Background Information
QNX is a multitasking, multi-user operating system designed with the real-time software developer in mind. It has a message passing, server-oriented architecture that facilitates distributed processing and provides transparent access to all resources across a network. Most of the QNX operating system was written in C.
I am a chemical engineer and have been using QNX for a little over four years. I am most interested in process control. I have used QNX in SCADA (Supervisory Control And Data Acquisition) and networked embedded control applications.
Structure Of The QNX Operating System
QNX consists of a small kernel and five system tasks that are created when the operating system is booted. The QNX kernel is small about 10Kb in size. Its primary function is to look after inter-task message passing (hence task synchronization) and clock interrupt handling. The rest of the operating system functions are handled by special administrator tasks.
Task Administrator (task)
This operating system task creates and terminates tasks, allocates memory, and registers task names. It runs at priority level 1. (QNX priorities range from 1 to 15, with 1 being the highest and 15 being the lowest.)

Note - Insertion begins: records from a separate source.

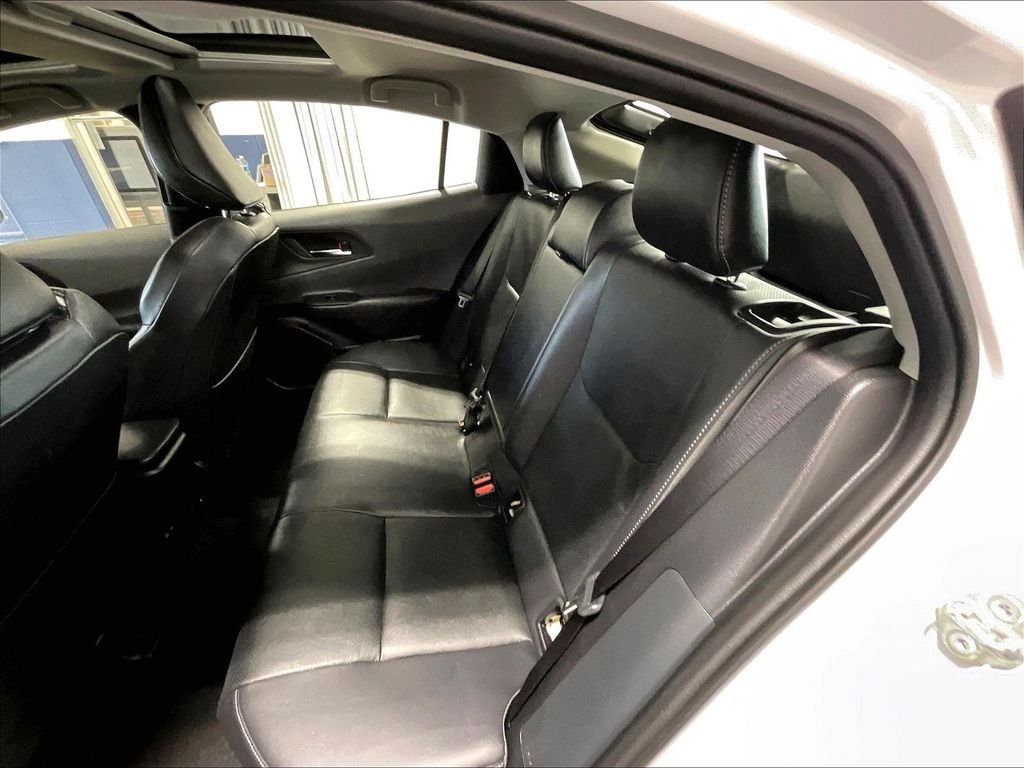Used 2024 Toyota Prius XLE AWD/4WD image 15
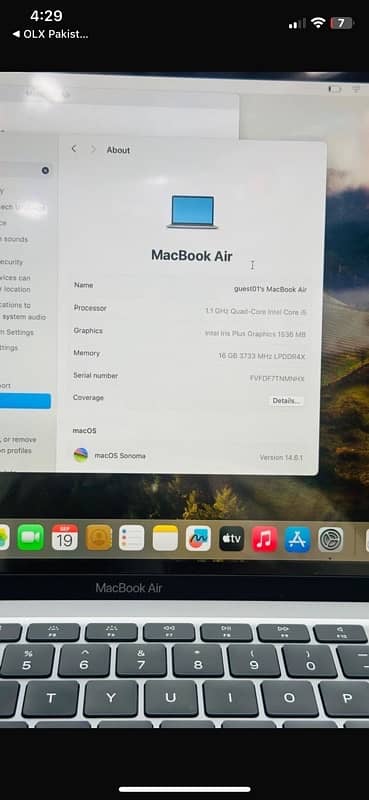 Macbook Air 2020  16 GB RAM  256 GB SSD  2 cycle count 4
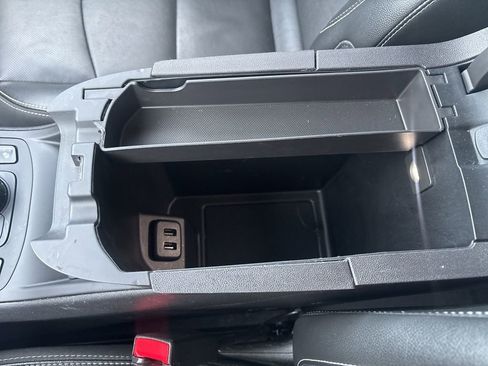 Used 2024 GMC Terrain SLT image 31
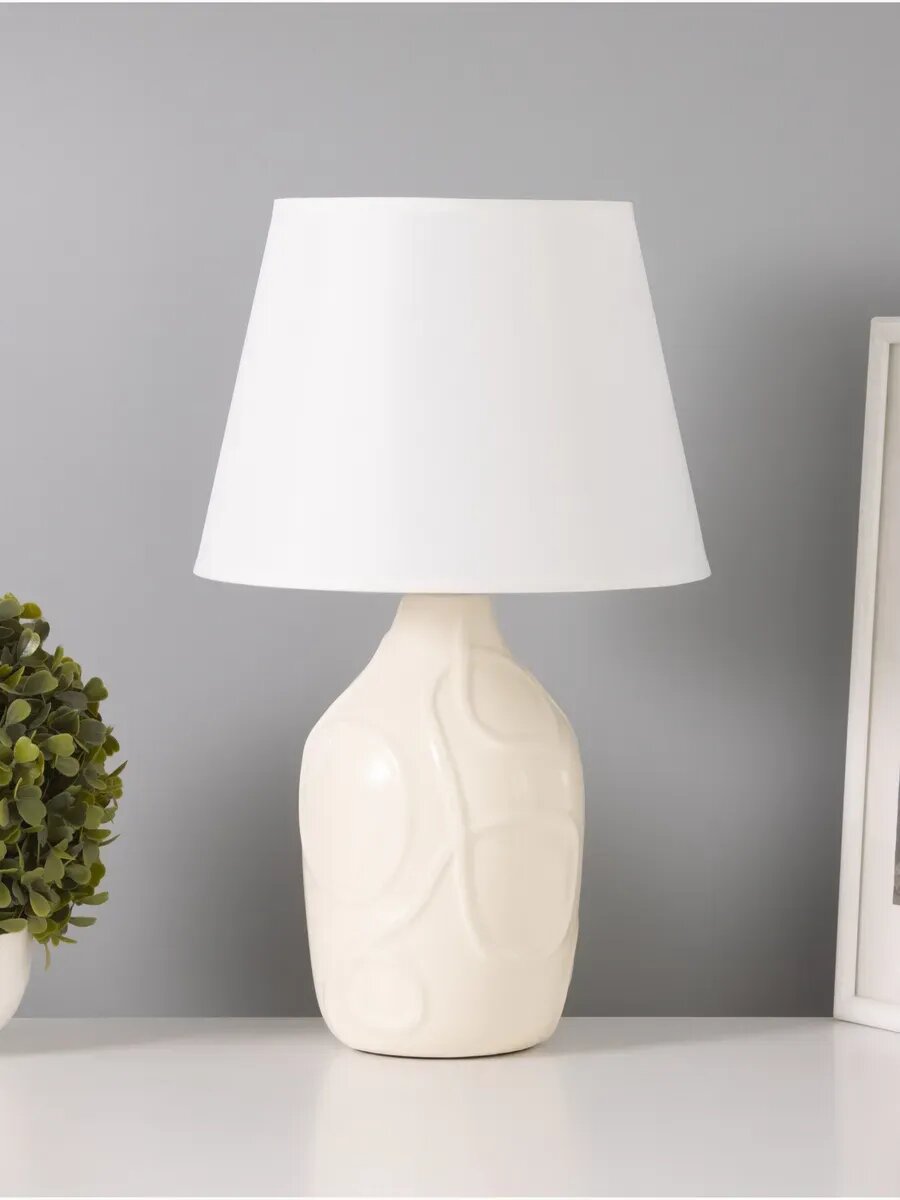 Настольная лампа Линии 1х15Вт Е14 белый 25х25х36см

Device Administrator (dev)
This operating system task runs at priority level 2. It looks after all the character devices attached to the system, such as the printer and serial ports, serial terminals, modems, and full screen windows (virtual terminals). The device administrator looks after setting hardware parameters, such as serial port baud rate, parity, stop bits, etc. It also provides character echoing, line editing, line erase, and line recall features. This task also handles requests to open, read, and write to devices.
File System Administrator (fsys)
This task runs at priority level 3. It looks after the QNX file system. This task handles all requests to open, read, and write files.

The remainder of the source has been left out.